平安公主僅帶了四名隨從,兩名侍衛兩名婢女,再便是御醫王思洪了。而這六人來到錢府之前並沒有人預先通知,因此當平安公主駕臨時,錢府唯有四小姐錢香亞與五小姐錢正柔兩位主子在府裏。至於衛聞自是在府衙辦公,而一家之主錢安娘也帶着錢紅佩出門巡視錢家生意去了。
錢香亞和錢正柔聽見下人稟告,都呆愣當場不知如何是好,壓根還不知這平安公主怎麼會突然駕臨錢府。
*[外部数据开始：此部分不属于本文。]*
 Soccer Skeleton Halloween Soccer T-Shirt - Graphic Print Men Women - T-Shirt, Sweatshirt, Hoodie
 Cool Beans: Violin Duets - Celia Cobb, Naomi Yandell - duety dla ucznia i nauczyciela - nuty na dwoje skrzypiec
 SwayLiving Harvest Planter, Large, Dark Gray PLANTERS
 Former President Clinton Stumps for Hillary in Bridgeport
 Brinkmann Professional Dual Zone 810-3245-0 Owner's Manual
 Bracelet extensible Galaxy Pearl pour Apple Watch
但下人慌張的稟告已然表明平安公主進了錢府,她們當即在幾位姨孃的催促下匆忙去正堂見駕。
“公主萬福,民女等不知公主駕到,未曾迎接,罪該萬死。”錢香亞好歹站住了腳跟,作爲領頭人朝平安公主跪下去請罪了。而她身後跪倒了一片錢家人,都是低着頭大氣不敢喘一口。
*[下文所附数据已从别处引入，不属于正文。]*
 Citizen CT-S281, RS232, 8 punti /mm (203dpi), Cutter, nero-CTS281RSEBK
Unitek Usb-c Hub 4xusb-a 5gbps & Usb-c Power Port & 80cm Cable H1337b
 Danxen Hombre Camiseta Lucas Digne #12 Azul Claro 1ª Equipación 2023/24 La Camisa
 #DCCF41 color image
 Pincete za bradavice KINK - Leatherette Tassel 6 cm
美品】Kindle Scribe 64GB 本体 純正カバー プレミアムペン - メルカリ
平安公主淡淡的瞥上一眼,隨後輕揮了揮手:“起來吧,本公主並沒事先通知,不知者不爲罪。本公主問你:你家主子現在何處?”
錢香亞只覺得那平安公主高貴典雅,無形之中便給她一種壓迫感,不由得在心中暗歎貴賤之分便是如此明顯。她謝恩後躬身立於一旁回話道:“啓稟公主,大小姐她外出了,民女這就派下人去請她回來。”
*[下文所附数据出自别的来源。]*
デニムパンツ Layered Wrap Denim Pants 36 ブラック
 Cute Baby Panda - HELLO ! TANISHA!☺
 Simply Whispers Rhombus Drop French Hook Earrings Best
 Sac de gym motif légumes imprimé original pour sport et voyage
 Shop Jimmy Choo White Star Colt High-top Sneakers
平安公主微一皺眉:“本公主問的是知府大人,不是錢家大小姐。”語氣雖仍平淡,但卻透着明顯的不滿。
錢香亞急忙道:“公主恕罪,民女糊塗。大人他現在府衙辦公,約莫酉時纔會回府。”
“知府大人不住府衙,每日都回錢府麼?”平安公主又問道,此刻卻偏頭看了她左側的婢女金環一眼,似在傳達着什麼信息。
金環頓悟,接着便上前去喝退了其他一幹人等,就連三位姨太太也不例外,唯獨留下了錢香亞和錢正柔二人。而後,金環又關上了房門。至於該去請錢安娘和衛聞的錢家下人,自是早已匆匆趕去了。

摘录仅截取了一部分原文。